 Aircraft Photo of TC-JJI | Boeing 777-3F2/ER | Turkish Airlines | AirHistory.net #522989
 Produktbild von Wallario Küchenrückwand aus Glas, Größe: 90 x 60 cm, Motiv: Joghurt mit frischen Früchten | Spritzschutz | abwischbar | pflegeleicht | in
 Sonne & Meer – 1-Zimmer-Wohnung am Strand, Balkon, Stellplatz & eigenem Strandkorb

...

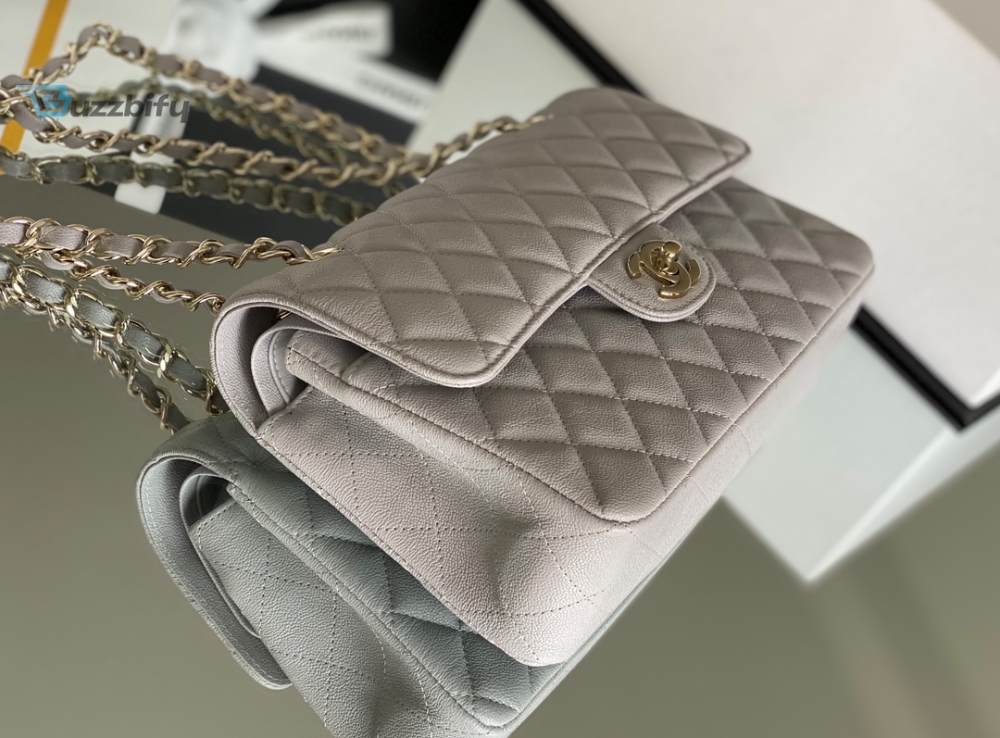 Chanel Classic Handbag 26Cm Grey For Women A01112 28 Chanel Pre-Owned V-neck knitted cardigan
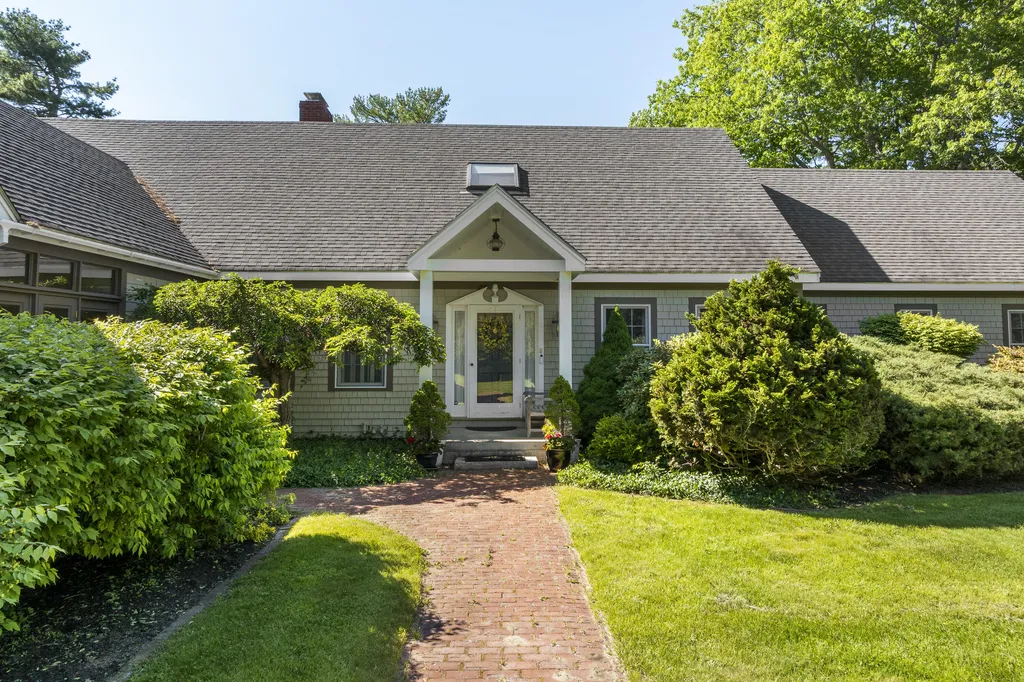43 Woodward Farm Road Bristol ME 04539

--

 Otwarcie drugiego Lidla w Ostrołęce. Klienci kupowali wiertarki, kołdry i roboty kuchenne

◆ Try it:
Of all the entries above, retype exactly the lines from the line with "Aircraft Photo of" to the line with "Sonne & Meer", both included, and no others.

◆ Answer section:
 Aircraft Photo of TC-JJI | Boeing 777-3F2/ER | Turkish Airlines | AirHistory.net #522989
 Produktbild von Wallario Küchenrückwand aus Glas, Größe: 90 x 60 cm, Motiv: Joghurt mit frischen Früchten | Spritzschutz | abwischbar | pflegeleicht | in
 Sonne & Meer – 1-Zimmer-Wohnung am Strand, Balkon, Stellplatz & eigenem Strandkorb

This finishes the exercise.